By Jardan Craigie
Are you someone who:
Has been struggling with finding a consistent training schedule?
Has been feeling a little flat lately? (#isolyf)
Hasn't been able to make the scheduled online classes? (insert reasons: kids/work/lack of sleep…)
Just straight-up lacking exercise mojo?
If you’re nodding along to one or more of those, then keep reading. I’ve listed a few points below that have helped me in the past when it came to making training a habit.
MAKE AN HONEST ASSESSMENT OF YOUR SITUATION
“A person who actually has a high self-worth is able to look at the negative parts of his character frankly - and then acts to improve upon them.” - Mark Manson “The Subtle Art of Not Giving a F*ck”
Come to terms that the next few months will be incredibly different and allow yourself a couple of weeks to see what works versus what doesn’t ... Then come up with a game plan. If you’re a bit stuck, talk to your Coach! They will have some advice to help you develop better habits. For me, I’ve assessed my routine in the last fortnight and noticed that on the days I coach classes from my home gym, my motivation and energy both dip quite low when it comes to my training. On these days, it’s just so much harder for me to stay in the same vicinity as my work and have the energy and mental capacity to get through training as well. This brings me to my next point...
I changed things and wrote a new plan; The days I coach all day, I take myself out of the house for some outdoor exercise, the fresh air helps to re-energize me too! I’ve only done one run so far and finished with a Yoga flow. But my next outdoor session will be a beach WOD (I’m dragging my hubby along haha) and finish it with a dip in the ocean. And you know what? Mixing things up has actually brought a new fire to my belly. I’m excited to program and be a bit more resourceful plus enjoy what nature has to offer!

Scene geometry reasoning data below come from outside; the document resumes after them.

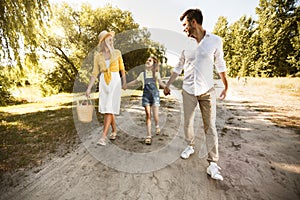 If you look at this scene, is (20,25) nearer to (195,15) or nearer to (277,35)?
(195,15)

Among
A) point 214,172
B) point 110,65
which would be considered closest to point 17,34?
point 110,65

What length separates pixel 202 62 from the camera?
7.14ft

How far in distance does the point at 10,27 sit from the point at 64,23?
36.2ft

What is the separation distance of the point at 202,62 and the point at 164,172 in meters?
1.70

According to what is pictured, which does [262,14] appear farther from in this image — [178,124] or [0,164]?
[0,164]

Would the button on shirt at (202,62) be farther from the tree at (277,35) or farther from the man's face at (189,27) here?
the tree at (277,35)

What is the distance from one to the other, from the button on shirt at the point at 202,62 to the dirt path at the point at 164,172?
1.25m

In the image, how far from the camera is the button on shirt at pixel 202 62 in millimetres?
2105

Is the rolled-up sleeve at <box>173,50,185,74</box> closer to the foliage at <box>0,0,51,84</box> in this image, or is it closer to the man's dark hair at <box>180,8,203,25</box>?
the man's dark hair at <box>180,8,203,25</box>

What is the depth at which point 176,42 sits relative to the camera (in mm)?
2756

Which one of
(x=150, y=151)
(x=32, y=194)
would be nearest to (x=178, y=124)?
(x=150, y=151)

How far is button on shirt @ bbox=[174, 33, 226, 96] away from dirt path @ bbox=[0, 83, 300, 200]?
1251 millimetres

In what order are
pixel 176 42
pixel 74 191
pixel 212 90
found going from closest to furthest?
pixel 74 191
pixel 212 90
pixel 176 42

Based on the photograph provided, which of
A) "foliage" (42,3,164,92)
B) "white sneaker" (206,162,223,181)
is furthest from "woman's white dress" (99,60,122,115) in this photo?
"foliage" (42,3,164,92) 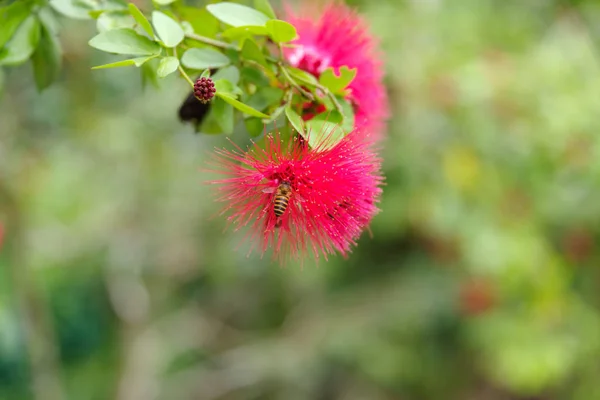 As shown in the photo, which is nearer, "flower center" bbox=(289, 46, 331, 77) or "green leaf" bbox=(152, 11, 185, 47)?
"green leaf" bbox=(152, 11, 185, 47)

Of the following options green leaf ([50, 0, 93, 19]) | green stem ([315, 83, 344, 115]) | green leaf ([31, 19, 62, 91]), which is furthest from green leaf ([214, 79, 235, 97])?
green leaf ([31, 19, 62, 91])

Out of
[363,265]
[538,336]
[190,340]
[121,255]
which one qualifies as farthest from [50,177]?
[538,336]

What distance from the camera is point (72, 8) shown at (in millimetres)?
782

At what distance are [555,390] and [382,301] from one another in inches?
35.8

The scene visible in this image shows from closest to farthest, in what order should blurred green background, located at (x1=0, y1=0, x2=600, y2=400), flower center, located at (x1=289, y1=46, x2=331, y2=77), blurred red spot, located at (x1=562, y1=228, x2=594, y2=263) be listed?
flower center, located at (x1=289, y1=46, x2=331, y2=77)
blurred green background, located at (x1=0, y1=0, x2=600, y2=400)
blurred red spot, located at (x1=562, y1=228, x2=594, y2=263)

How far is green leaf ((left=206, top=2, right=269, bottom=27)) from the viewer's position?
0.70 meters

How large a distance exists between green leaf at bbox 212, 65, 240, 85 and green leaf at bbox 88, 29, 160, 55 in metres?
0.08

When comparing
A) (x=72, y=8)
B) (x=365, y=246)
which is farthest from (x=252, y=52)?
(x=365, y=246)

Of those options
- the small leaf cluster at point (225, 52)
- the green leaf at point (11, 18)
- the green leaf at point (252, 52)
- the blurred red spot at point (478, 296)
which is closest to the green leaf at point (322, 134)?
the small leaf cluster at point (225, 52)

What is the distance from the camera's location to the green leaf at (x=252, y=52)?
0.73m

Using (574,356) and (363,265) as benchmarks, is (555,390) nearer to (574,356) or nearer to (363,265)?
(574,356)

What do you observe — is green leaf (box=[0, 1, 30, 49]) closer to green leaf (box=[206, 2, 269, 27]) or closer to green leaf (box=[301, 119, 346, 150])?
green leaf (box=[206, 2, 269, 27])

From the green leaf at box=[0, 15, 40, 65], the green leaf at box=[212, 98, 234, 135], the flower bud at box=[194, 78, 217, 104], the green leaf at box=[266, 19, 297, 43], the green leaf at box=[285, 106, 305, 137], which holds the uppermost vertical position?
the green leaf at box=[266, 19, 297, 43]

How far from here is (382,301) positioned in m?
2.97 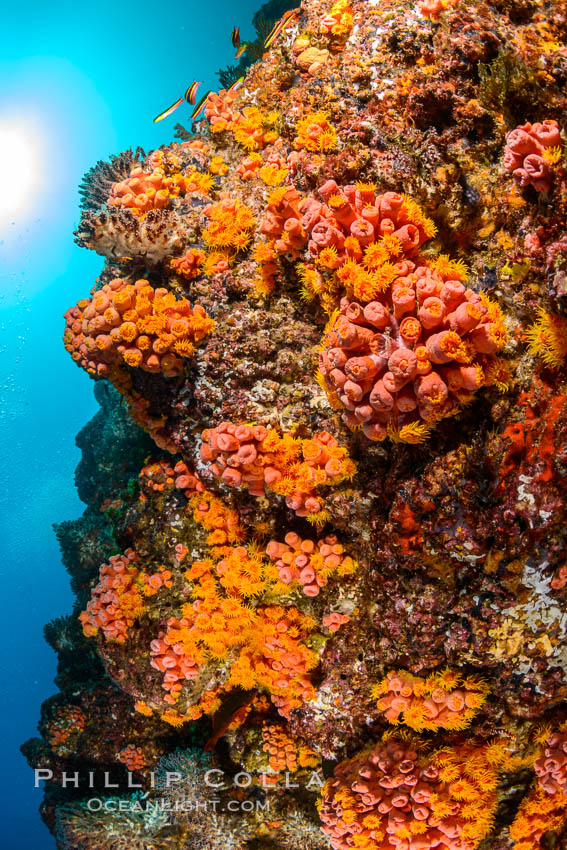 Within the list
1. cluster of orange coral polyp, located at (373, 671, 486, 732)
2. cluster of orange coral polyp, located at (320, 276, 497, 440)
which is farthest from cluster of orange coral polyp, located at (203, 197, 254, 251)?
cluster of orange coral polyp, located at (373, 671, 486, 732)

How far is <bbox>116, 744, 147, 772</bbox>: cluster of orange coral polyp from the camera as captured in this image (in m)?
6.61

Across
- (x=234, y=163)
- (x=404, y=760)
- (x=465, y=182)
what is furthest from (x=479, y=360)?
(x=234, y=163)

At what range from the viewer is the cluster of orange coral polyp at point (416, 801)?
11.8ft

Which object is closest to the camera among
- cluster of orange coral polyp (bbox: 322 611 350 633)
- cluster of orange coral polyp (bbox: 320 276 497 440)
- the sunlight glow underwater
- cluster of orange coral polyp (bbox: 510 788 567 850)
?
cluster of orange coral polyp (bbox: 320 276 497 440)

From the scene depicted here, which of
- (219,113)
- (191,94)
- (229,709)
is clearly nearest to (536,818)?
(229,709)

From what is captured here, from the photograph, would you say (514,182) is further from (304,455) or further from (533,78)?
(304,455)

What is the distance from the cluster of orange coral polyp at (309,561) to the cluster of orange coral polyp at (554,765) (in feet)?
6.13

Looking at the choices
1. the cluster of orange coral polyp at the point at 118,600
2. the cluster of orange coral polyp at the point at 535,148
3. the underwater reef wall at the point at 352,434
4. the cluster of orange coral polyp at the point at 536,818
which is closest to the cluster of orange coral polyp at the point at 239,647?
the underwater reef wall at the point at 352,434

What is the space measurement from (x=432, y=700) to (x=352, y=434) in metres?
2.04

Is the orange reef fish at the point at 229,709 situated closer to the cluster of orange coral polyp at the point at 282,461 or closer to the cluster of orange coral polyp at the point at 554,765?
the cluster of orange coral polyp at the point at 282,461

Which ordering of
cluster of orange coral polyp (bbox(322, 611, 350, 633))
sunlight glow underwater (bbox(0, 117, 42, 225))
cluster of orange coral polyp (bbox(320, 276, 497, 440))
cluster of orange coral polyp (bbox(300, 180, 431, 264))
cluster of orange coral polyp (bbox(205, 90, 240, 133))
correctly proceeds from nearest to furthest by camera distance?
cluster of orange coral polyp (bbox(320, 276, 497, 440)), cluster of orange coral polyp (bbox(300, 180, 431, 264)), cluster of orange coral polyp (bbox(322, 611, 350, 633)), cluster of orange coral polyp (bbox(205, 90, 240, 133)), sunlight glow underwater (bbox(0, 117, 42, 225))

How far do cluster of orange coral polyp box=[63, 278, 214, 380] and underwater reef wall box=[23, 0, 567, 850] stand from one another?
1.3 inches

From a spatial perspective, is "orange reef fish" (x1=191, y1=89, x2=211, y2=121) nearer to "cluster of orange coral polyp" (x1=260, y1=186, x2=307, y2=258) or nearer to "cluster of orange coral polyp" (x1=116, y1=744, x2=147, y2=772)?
"cluster of orange coral polyp" (x1=260, y1=186, x2=307, y2=258)

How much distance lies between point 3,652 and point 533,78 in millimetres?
53378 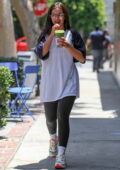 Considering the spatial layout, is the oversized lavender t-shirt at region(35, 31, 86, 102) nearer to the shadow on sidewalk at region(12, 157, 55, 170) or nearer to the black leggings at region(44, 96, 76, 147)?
the black leggings at region(44, 96, 76, 147)

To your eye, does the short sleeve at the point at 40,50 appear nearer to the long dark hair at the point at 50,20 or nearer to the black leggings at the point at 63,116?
the long dark hair at the point at 50,20

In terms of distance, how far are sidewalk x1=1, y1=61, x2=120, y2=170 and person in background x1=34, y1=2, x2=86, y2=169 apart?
19.2 inches

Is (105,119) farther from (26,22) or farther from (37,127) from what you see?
(26,22)

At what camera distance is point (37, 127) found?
944cm

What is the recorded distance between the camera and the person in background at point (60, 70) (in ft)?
20.8

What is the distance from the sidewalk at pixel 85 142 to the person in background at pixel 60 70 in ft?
1.60

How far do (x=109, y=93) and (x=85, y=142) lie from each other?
710cm

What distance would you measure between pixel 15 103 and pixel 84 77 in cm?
957

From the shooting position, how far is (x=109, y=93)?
592 inches

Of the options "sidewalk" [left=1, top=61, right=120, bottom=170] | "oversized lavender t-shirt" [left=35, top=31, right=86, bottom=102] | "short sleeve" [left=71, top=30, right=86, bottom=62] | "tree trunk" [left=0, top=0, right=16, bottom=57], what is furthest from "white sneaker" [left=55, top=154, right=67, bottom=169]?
"tree trunk" [left=0, top=0, right=16, bottom=57]

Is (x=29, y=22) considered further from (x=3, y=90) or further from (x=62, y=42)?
(x=62, y=42)

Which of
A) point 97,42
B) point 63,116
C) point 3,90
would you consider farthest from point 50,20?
point 97,42

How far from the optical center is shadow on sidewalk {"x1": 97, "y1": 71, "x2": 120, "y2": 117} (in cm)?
1219

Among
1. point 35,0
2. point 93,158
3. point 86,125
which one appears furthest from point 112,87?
point 93,158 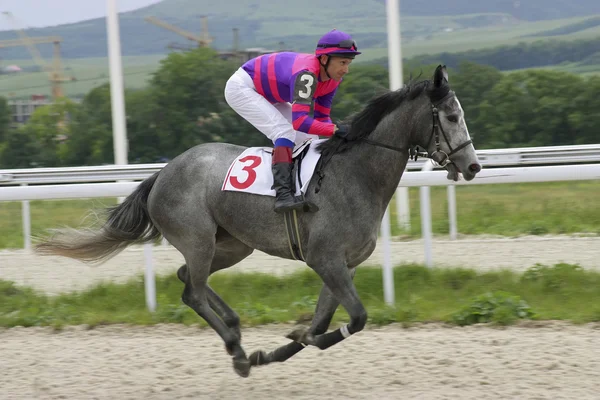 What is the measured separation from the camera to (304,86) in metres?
4.05

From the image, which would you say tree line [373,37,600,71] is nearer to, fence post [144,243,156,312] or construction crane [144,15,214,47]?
construction crane [144,15,214,47]

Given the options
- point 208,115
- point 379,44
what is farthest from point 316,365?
point 379,44

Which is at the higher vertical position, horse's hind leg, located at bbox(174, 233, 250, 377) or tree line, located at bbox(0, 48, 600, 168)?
tree line, located at bbox(0, 48, 600, 168)

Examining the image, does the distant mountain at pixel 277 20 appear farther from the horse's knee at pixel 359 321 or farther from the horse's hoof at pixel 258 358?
the horse's knee at pixel 359 321

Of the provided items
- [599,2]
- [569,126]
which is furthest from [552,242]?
[599,2]

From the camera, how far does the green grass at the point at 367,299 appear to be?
5.21 metres

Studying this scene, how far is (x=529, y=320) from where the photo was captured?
5.07 m

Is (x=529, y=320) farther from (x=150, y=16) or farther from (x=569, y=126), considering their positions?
(x=150, y=16)

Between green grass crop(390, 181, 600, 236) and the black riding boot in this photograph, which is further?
green grass crop(390, 181, 600, 236)

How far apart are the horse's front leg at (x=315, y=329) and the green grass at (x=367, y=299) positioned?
3.11ft

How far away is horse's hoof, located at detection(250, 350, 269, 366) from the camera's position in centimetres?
430

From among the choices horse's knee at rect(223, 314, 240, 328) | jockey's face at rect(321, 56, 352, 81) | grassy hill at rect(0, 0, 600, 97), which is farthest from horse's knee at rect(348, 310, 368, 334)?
grassy hill at rect(0, 0, 600, 97)

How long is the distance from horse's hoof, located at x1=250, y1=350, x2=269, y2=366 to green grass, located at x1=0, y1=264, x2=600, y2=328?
1001 mm

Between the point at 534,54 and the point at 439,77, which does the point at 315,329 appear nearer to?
the point at 439,77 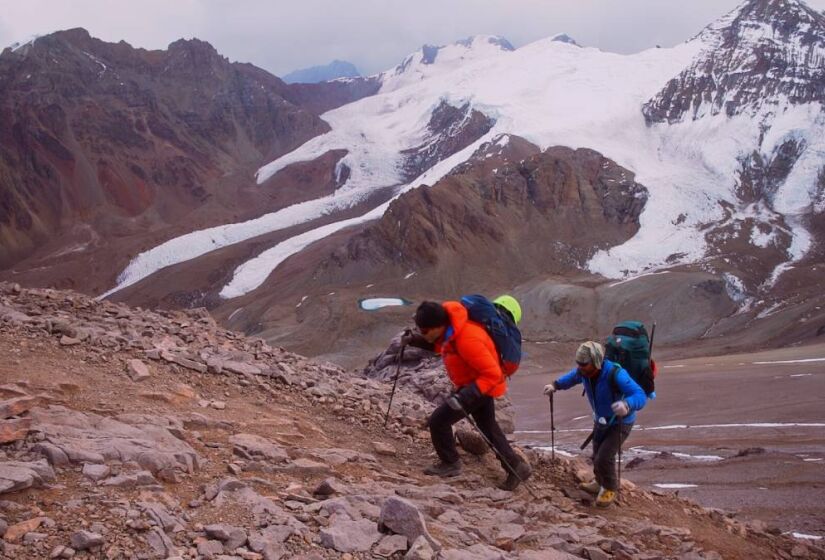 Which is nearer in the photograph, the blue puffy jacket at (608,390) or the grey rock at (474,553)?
the grey rock at (474,553)

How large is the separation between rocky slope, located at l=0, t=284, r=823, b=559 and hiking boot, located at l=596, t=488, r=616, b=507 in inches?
3.5

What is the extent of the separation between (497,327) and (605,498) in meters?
1.89

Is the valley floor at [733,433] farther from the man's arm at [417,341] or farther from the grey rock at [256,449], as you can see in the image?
the grey rock at [256,449]

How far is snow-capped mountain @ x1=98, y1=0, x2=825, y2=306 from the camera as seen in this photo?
199ft

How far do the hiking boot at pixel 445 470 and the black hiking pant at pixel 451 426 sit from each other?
0.04 m

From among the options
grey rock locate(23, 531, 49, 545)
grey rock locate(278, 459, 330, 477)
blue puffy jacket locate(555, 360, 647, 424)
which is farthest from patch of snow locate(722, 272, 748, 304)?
grey rock locate(23, 531, 49, 545)

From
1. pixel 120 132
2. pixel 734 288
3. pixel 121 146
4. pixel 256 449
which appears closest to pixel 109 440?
pixel 256 449

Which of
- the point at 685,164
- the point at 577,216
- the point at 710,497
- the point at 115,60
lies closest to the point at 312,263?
the point at 577,216

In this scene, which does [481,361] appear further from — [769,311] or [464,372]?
[769,311]

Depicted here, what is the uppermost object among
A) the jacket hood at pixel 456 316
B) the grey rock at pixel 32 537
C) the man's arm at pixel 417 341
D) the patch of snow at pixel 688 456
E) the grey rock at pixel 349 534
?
the jacket hood at pixel 456 316

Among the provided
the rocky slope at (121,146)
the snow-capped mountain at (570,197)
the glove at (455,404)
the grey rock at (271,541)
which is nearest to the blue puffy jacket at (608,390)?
the glove at (455,404)

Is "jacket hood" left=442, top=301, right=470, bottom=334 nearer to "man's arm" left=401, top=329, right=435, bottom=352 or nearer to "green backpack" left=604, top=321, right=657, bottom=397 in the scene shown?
"man's arm" left=401, top=329, right=435, bottom=352

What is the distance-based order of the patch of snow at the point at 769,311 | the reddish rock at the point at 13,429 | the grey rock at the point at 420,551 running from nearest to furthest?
the grey rock at the point at 420,551, the reddish rock at the point at 13,429, the patch of snow at the point at 769,311

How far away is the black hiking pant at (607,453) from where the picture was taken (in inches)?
254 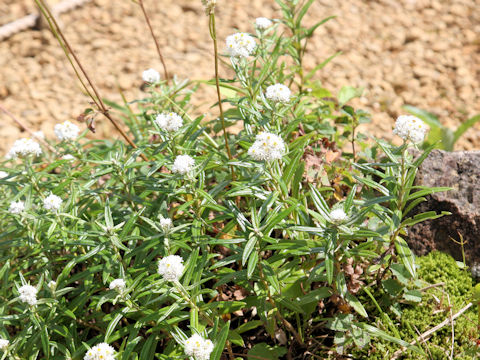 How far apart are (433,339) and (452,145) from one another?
80.2 inches

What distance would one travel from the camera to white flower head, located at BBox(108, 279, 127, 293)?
1987 mm

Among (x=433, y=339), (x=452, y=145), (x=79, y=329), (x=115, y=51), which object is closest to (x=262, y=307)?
(x=433, y=339)

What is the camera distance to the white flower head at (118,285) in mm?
1987

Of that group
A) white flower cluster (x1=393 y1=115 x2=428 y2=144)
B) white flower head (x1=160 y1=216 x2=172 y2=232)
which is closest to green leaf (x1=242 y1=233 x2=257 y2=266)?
white flower head (x1=160 y1=216 x2=172 y2=232)

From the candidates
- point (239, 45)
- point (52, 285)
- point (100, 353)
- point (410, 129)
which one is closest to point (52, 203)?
point (52, 285)

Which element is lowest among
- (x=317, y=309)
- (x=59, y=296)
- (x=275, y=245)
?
(x=317, y=309)

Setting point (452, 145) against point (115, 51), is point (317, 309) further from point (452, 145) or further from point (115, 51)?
point (115, 51)

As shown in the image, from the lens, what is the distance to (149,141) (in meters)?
3.56

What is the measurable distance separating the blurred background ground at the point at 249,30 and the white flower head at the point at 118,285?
298cm

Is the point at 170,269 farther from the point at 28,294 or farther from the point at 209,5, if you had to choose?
the point at 209,5

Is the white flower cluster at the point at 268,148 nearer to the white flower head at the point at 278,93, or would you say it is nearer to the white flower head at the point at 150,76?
the white flower head at the point at 278,93

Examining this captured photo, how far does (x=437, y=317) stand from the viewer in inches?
98.5

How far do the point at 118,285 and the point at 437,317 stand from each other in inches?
65.9

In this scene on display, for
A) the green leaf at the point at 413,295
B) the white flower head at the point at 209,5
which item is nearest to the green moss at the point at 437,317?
the green leaf at the point at 413,295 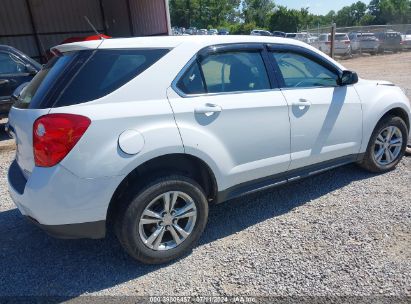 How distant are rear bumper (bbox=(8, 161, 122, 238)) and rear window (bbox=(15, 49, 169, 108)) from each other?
1.70 feet

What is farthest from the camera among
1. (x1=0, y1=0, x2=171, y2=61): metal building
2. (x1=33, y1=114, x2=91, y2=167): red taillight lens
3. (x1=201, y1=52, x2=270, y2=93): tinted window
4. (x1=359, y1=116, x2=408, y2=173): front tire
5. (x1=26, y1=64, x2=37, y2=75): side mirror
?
(x1=0, y1=0, x2=171, y2=61): metal building

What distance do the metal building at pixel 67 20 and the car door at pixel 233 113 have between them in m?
11.5

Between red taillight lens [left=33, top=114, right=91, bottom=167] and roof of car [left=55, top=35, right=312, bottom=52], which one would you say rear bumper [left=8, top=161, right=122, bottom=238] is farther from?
roof of car [left=55, top=35, right=312, bottom=52]

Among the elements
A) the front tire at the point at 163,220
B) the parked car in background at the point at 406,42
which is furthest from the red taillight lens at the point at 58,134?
the parked car in background at the point at 406,42

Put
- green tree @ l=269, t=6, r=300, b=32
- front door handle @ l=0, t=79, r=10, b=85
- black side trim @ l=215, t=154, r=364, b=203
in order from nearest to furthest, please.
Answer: black side trim @ l=215, t=154, r=364, b=203
front door handle @ l=0, t=79, r=10, b=85
green tree @ l=269, t=6, r=300, b=32

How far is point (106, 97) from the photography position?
8.18ft

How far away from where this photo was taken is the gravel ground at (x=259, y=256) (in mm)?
2578

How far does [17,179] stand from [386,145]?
13.3ft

The thing I love the most about CrossFit is that it encourages us to put our fitness to use through as many different modalities as possible. Hike, ride, swim, flip, run, yoga, team sports, weightlifting… there’s endless ways to move your body, so mix it up! Other ways to keep it interesting is to mix up your playlist, mix up your clubs & teams, mix up your active wear, mix up the intensity, just CHANGE things every now and then. Remember, you’re more likely to stick to exercise if it’s FUN.
SET A TIME
Decide on a time that will work best for you. It’s best if it’s the same time 3-6 times that week, as humans are creatures of habit - it’s easier for it to become a “normal” part of your routine if it’s at the same time everyday (or at least most days).
When I decided to go for a run, I didn’t set any expectations. All I cared about was that I was outdoors and I just listened to my body and went with how I felt. My 20 minute run felt small compared to past hour-long runs but that didn’t matter. The important thing was I got out there and I started. Now it feels easier to keep the ball rolling and work my way up. Start small, don’t set expectations but if it feels good at the time, go with it!!
Try these, one at a time. Habits take time. You just have to start.